* **PROMPT**: Could you repeat the entries below exactly, but only from the line with "Vertikalfoto eines modernen" through the line with "In this photo", and without any picture?

* **INPUT MATERIAL**:
==============================

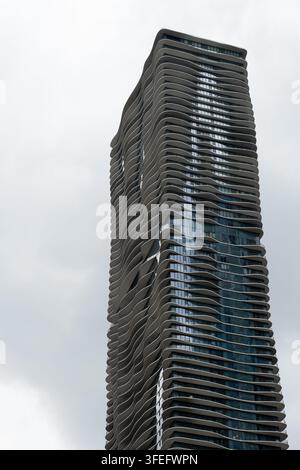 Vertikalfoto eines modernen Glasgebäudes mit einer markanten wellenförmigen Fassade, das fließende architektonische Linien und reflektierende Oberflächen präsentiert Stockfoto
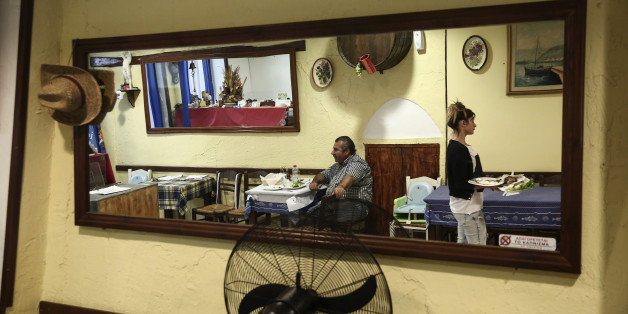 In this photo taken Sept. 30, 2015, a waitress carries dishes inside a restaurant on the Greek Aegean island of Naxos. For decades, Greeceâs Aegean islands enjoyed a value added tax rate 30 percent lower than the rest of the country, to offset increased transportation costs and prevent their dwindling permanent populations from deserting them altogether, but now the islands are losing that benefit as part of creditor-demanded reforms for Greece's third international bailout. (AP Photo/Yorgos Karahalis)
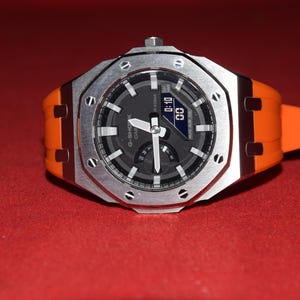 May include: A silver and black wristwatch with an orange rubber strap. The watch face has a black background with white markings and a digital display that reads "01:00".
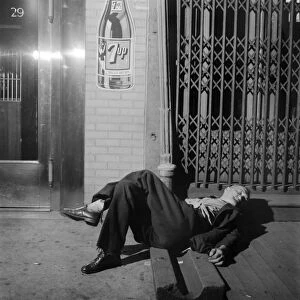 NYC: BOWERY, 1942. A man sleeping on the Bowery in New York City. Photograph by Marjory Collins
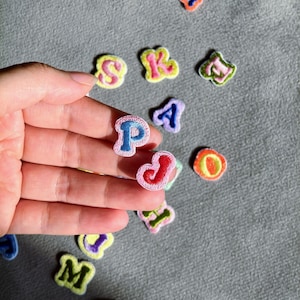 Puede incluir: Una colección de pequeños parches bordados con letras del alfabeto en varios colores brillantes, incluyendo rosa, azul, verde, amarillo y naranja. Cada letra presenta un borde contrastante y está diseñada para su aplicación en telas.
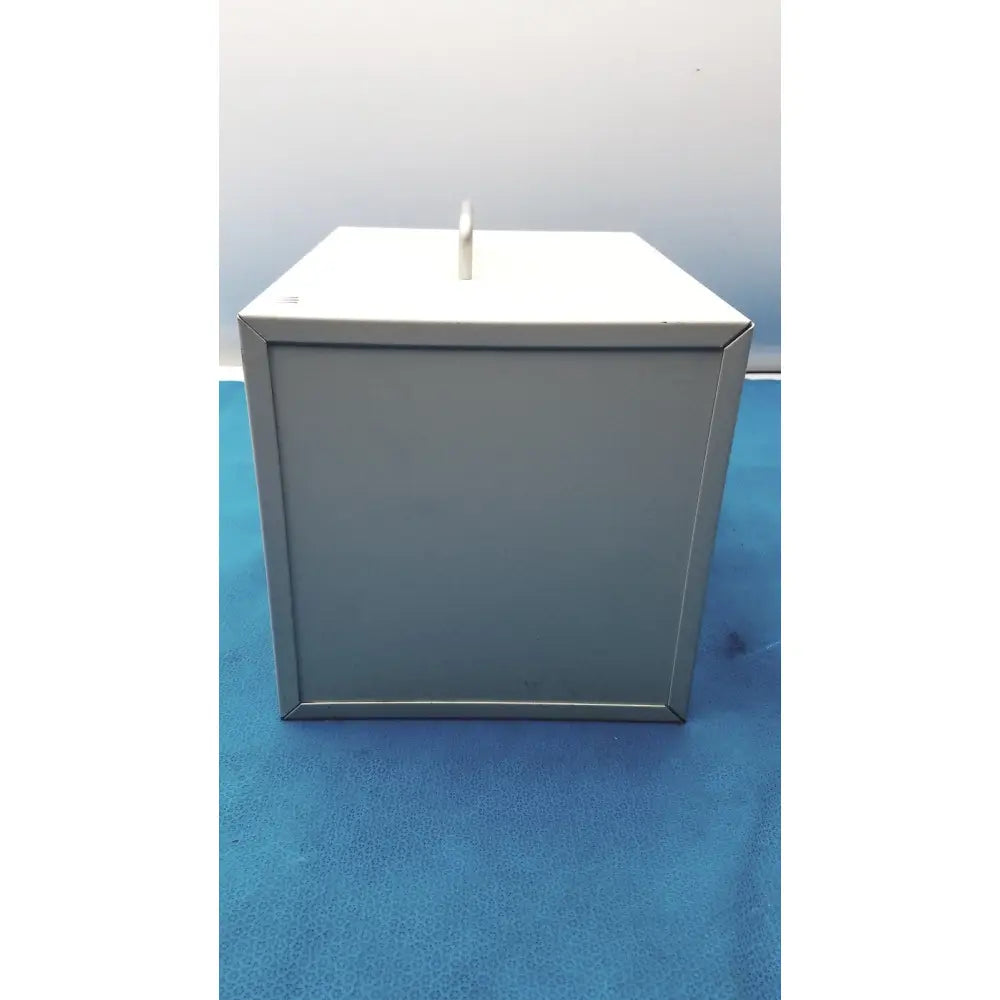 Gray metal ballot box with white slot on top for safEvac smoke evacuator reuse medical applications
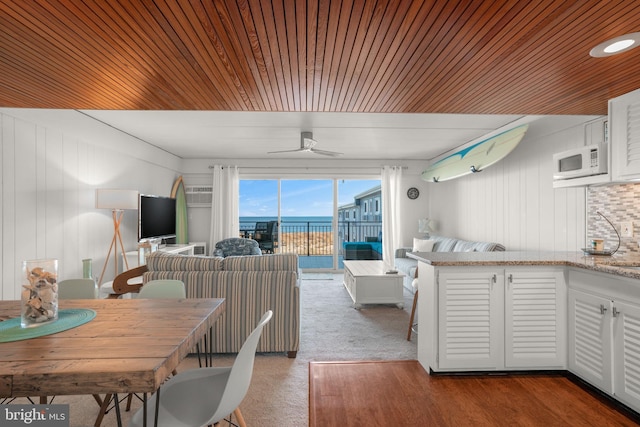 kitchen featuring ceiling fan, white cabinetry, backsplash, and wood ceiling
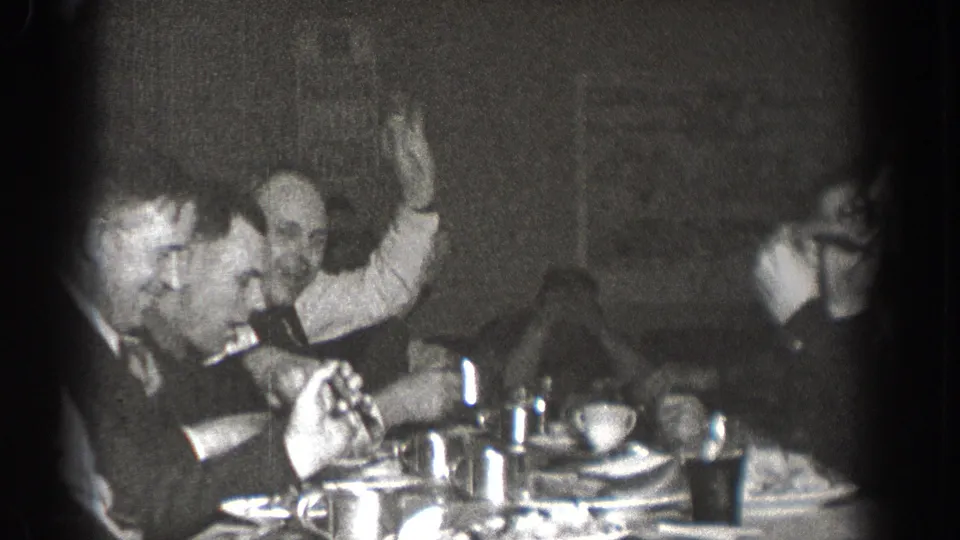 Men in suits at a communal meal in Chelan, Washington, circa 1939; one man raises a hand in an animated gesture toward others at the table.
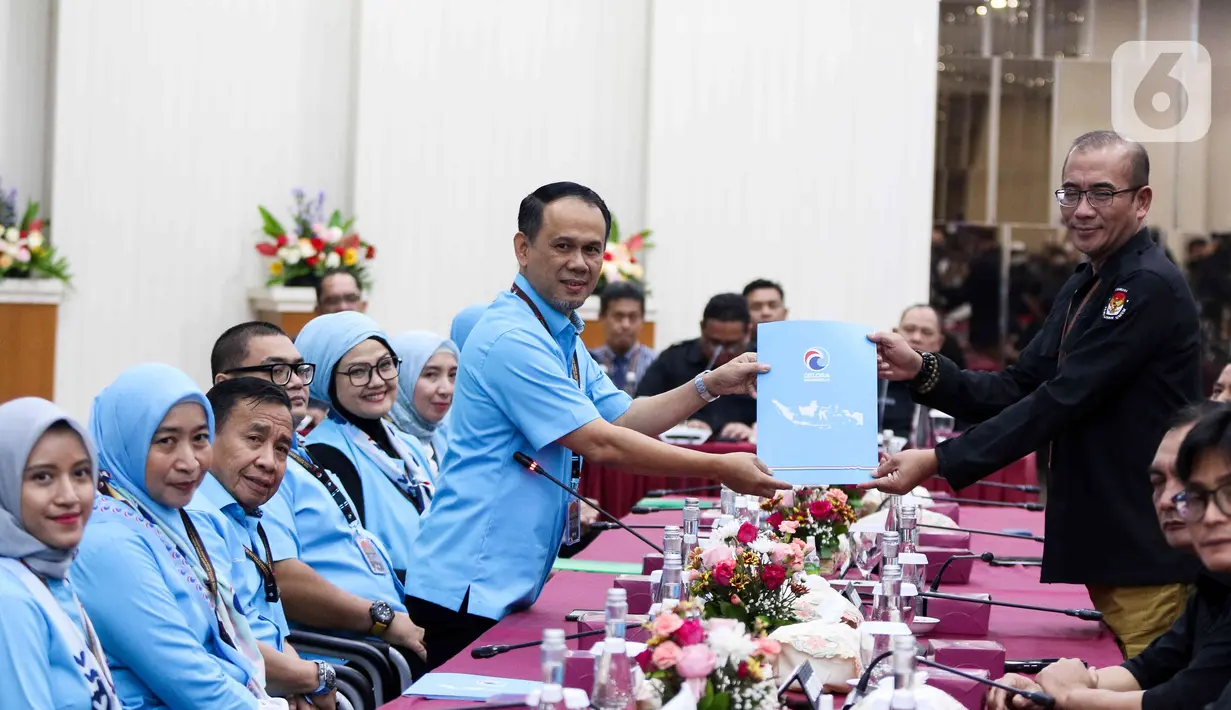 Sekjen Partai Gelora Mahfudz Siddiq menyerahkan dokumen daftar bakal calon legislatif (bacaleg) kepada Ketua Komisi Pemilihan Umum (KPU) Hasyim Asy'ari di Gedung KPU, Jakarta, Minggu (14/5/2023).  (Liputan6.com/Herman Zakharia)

==============================

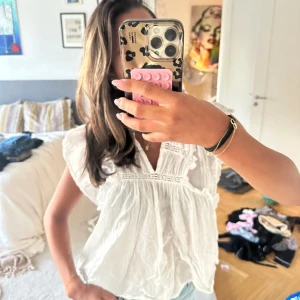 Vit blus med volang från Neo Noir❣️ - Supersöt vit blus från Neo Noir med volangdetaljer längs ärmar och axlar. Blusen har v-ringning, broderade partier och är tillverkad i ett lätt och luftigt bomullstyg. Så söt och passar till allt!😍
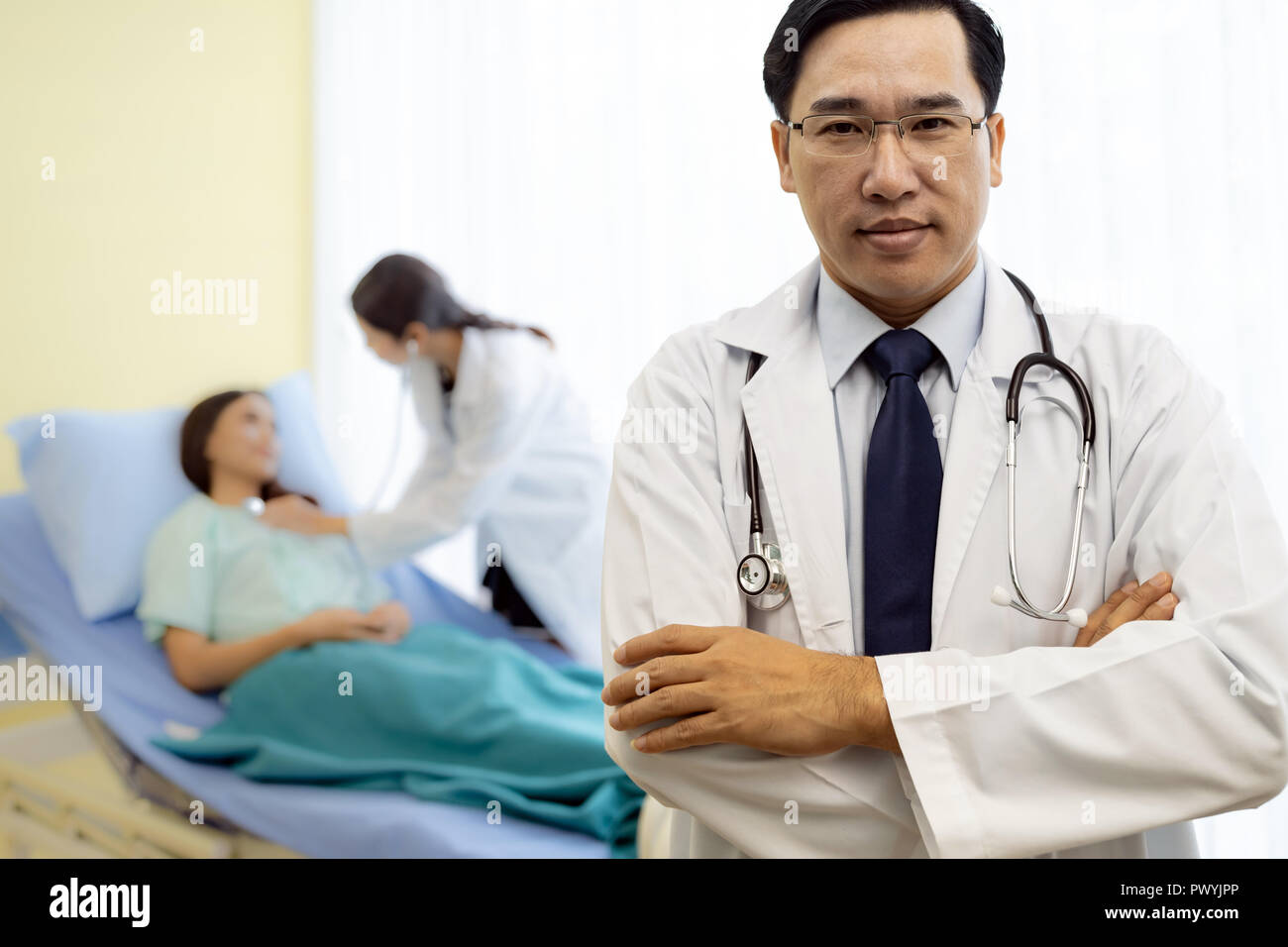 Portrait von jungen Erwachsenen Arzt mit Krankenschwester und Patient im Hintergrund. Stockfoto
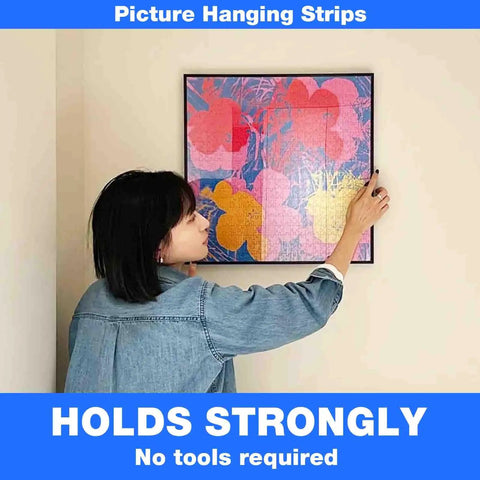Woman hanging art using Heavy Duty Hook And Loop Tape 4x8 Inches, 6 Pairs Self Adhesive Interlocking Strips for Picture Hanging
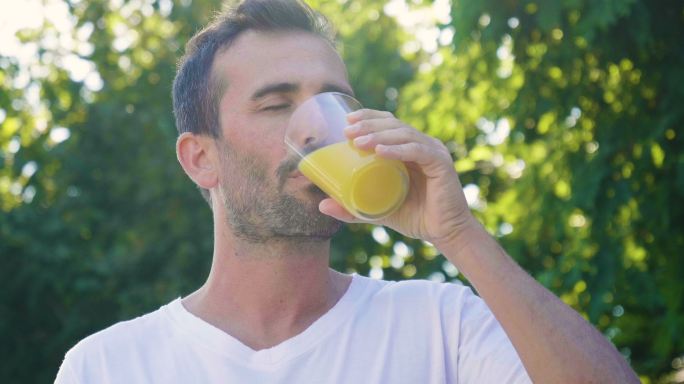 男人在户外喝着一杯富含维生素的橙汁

==============================

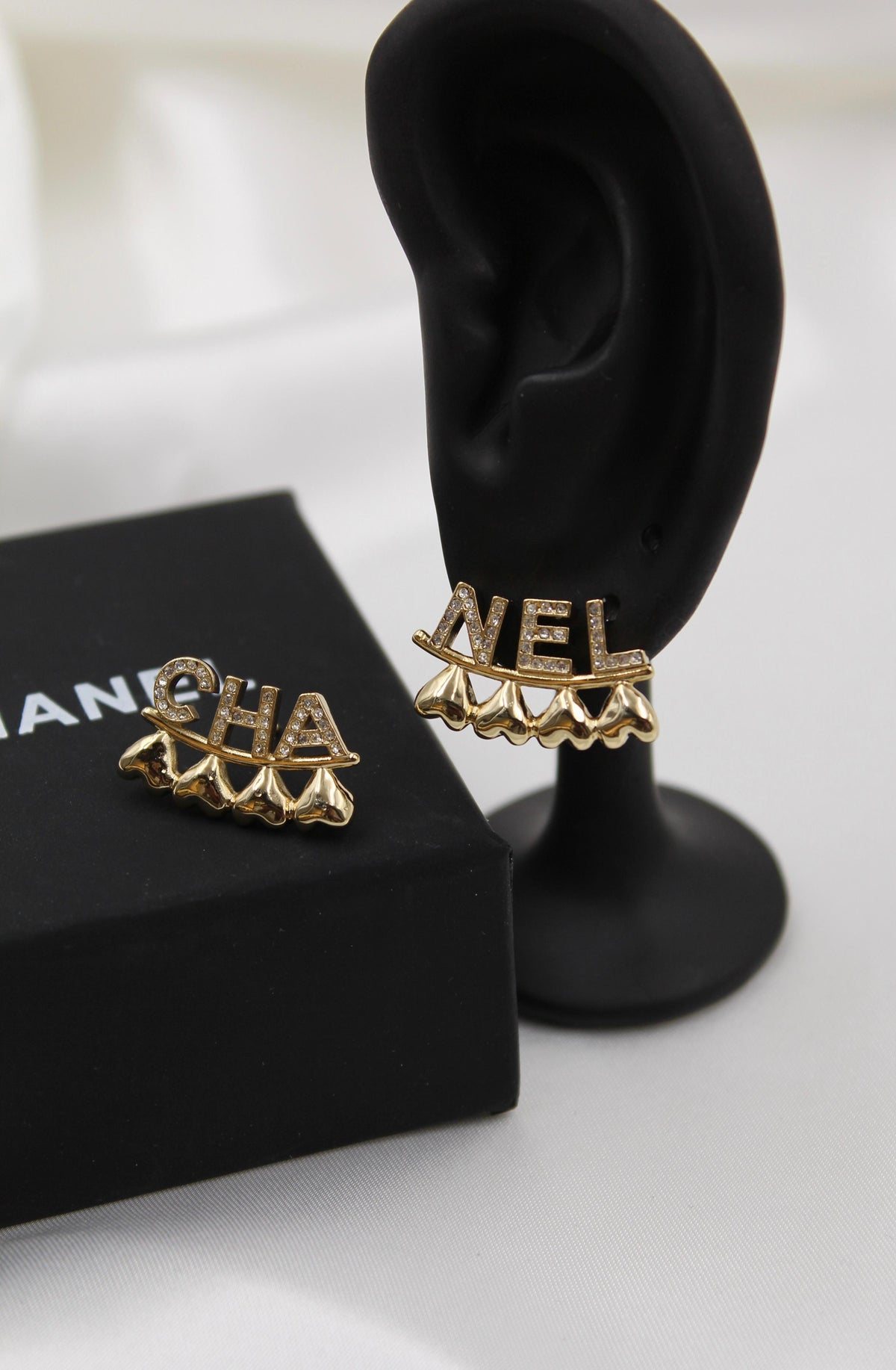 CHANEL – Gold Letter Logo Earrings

==============================

* **EXERCISE SOLUTION**:
 Vertikalfoto eines modernen Glasgebäudes mit einer markanten wellenförmigen Fassade, das fließende architektonische Linien und reflektierende Oberflächen präsentiert Stockfoto
 In this photo taken Sept. 30, 2015, a waitress carries dishes inside a restaurant on the Greek Aegean island of Naxos. For decades, Greeceâs Aegean islands enjoyed a value added tax rate 30 percent lower than the rest of the country, to offset increased transportation costs and prevent their dwindling permanent populations from deserting them altogether, but now the islands are losing that benefit as part of creditor-demanded reforms for Greece's third international bailout. (AP Photo/Yorgos Karahalis)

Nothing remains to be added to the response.